● Task directions: Write exactly the lines running from the start of the material below to the line that includes "The lymphoblast is", and include no pictures.

..............................

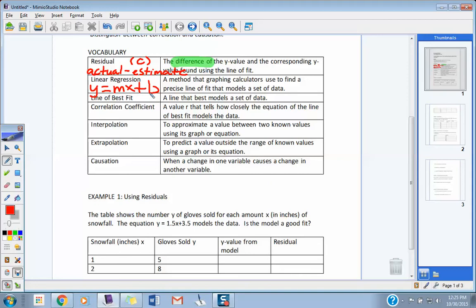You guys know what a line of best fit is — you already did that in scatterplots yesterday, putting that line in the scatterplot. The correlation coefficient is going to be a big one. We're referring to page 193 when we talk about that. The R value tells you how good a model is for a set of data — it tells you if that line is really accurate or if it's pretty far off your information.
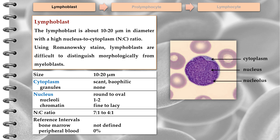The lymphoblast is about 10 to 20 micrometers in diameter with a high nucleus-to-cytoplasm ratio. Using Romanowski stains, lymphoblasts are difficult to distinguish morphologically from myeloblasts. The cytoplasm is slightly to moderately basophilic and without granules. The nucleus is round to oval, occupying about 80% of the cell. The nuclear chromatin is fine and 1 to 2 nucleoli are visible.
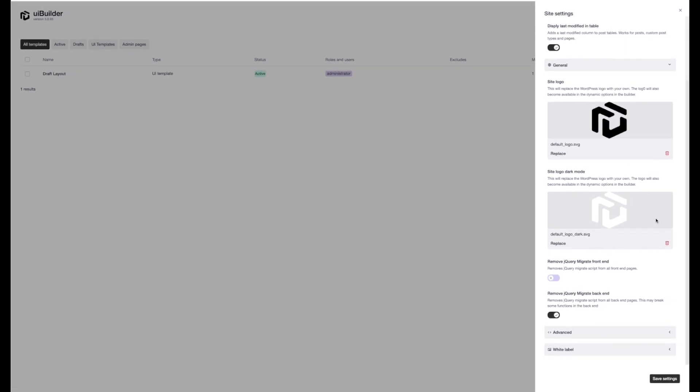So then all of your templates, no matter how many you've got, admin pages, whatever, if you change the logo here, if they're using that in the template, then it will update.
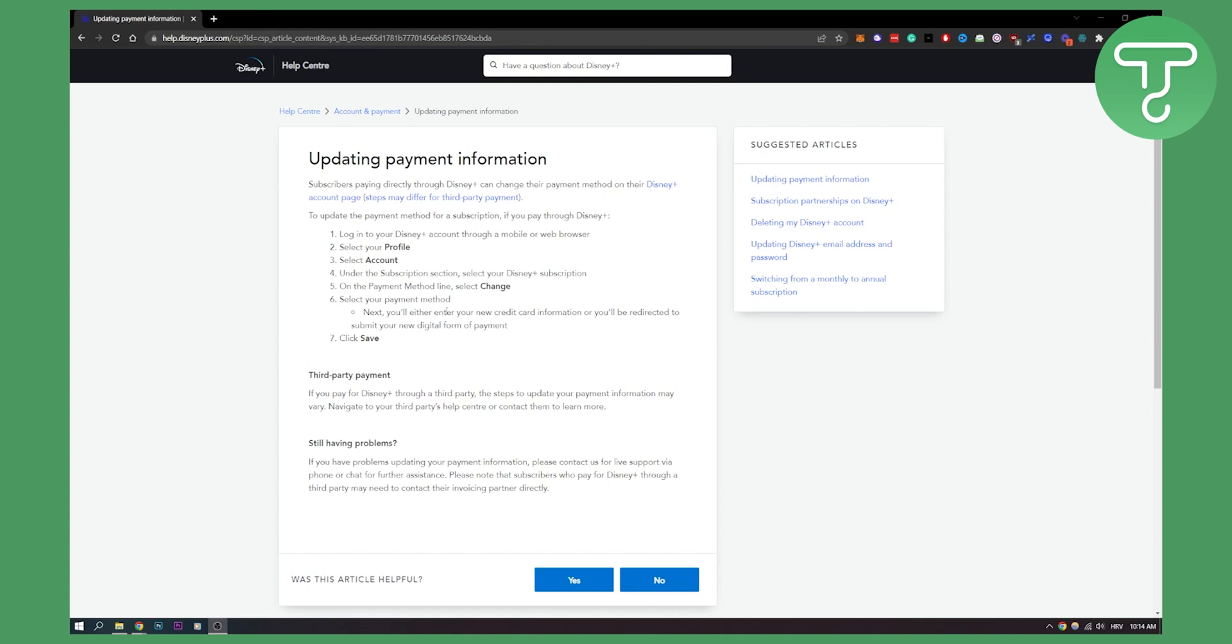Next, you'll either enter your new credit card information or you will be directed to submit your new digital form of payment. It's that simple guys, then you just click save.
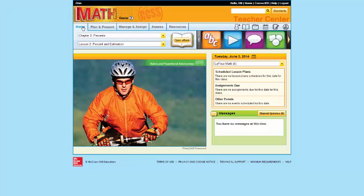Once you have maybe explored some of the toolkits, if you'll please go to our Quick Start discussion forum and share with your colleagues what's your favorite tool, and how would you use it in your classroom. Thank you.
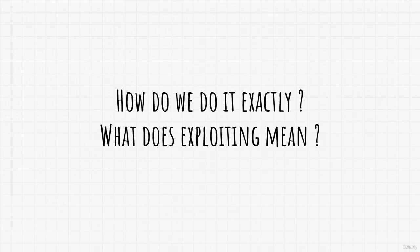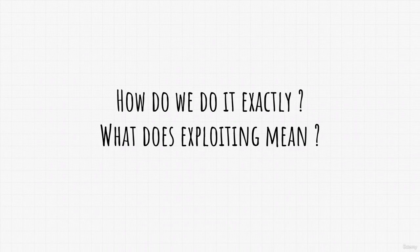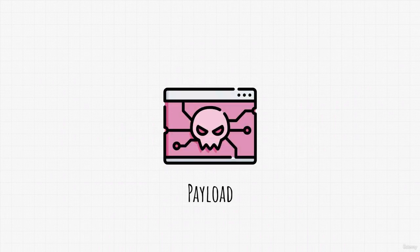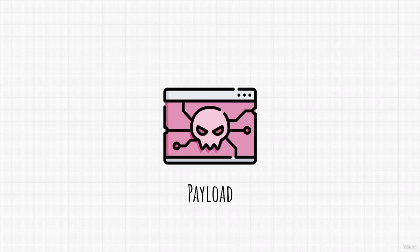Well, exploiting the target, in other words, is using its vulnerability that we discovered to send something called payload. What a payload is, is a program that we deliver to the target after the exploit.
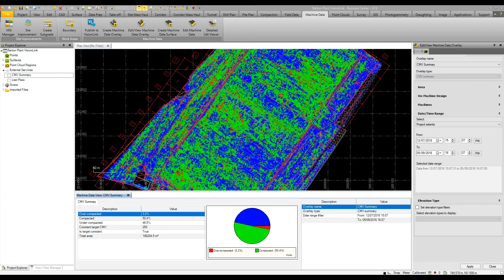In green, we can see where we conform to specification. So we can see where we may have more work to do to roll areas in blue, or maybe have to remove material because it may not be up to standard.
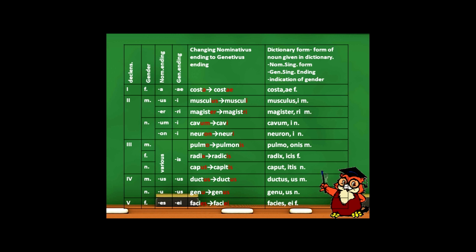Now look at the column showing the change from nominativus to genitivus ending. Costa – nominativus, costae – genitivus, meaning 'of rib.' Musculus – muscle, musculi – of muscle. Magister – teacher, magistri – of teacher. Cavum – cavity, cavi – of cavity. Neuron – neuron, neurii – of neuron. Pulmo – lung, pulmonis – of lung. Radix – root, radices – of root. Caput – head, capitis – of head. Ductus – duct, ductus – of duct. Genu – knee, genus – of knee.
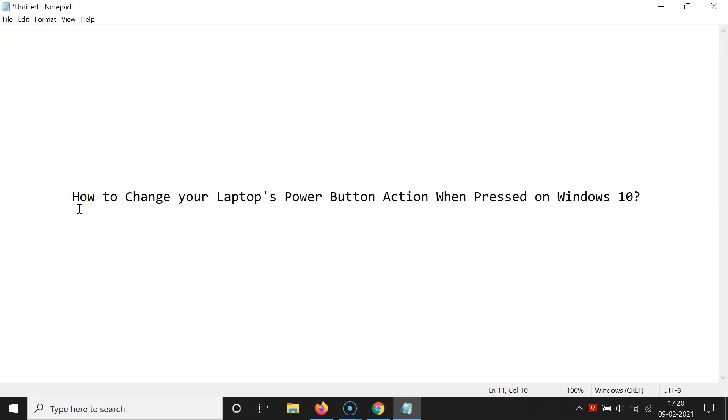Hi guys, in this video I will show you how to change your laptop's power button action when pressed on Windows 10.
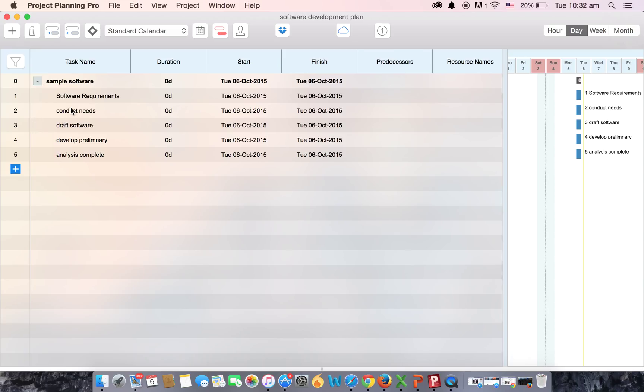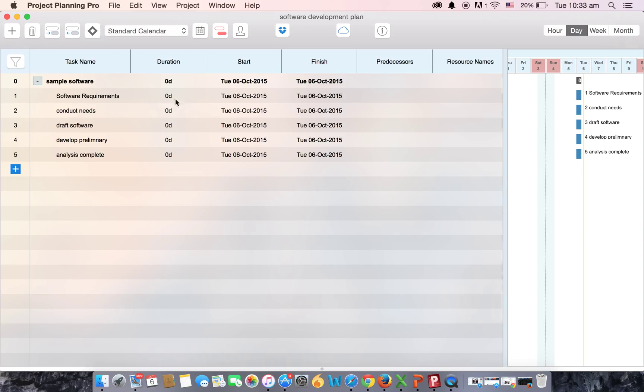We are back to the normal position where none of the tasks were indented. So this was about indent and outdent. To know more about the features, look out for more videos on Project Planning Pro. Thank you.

..............................

● Solution to the exercise:
You guys know what a line of best fit is — you already did that in scatterplots yesterday, putting that line in the scatterplot. The correlation coefficient is going to be a big one. We're referring to page 193 when we talk about that. The R value tells you how good a model is for a set of data — it tells you if that line is really accurate or if it's pretty far off your information.
The lymphoblast is about 10 to 20 micrometers in diameter with a high nucleus-to-cytoplasm ratio. Using Romanowski stains, lymphoblasts are difficult to distinguish morphologically from myeloblasts. The cytoplasm is slightly to moderately basophilic and without granules. The nucleus is round to oval, occupying about 80% of the cell. The nuclear chromatin is fine and 1 to 2 nucleoli are visible.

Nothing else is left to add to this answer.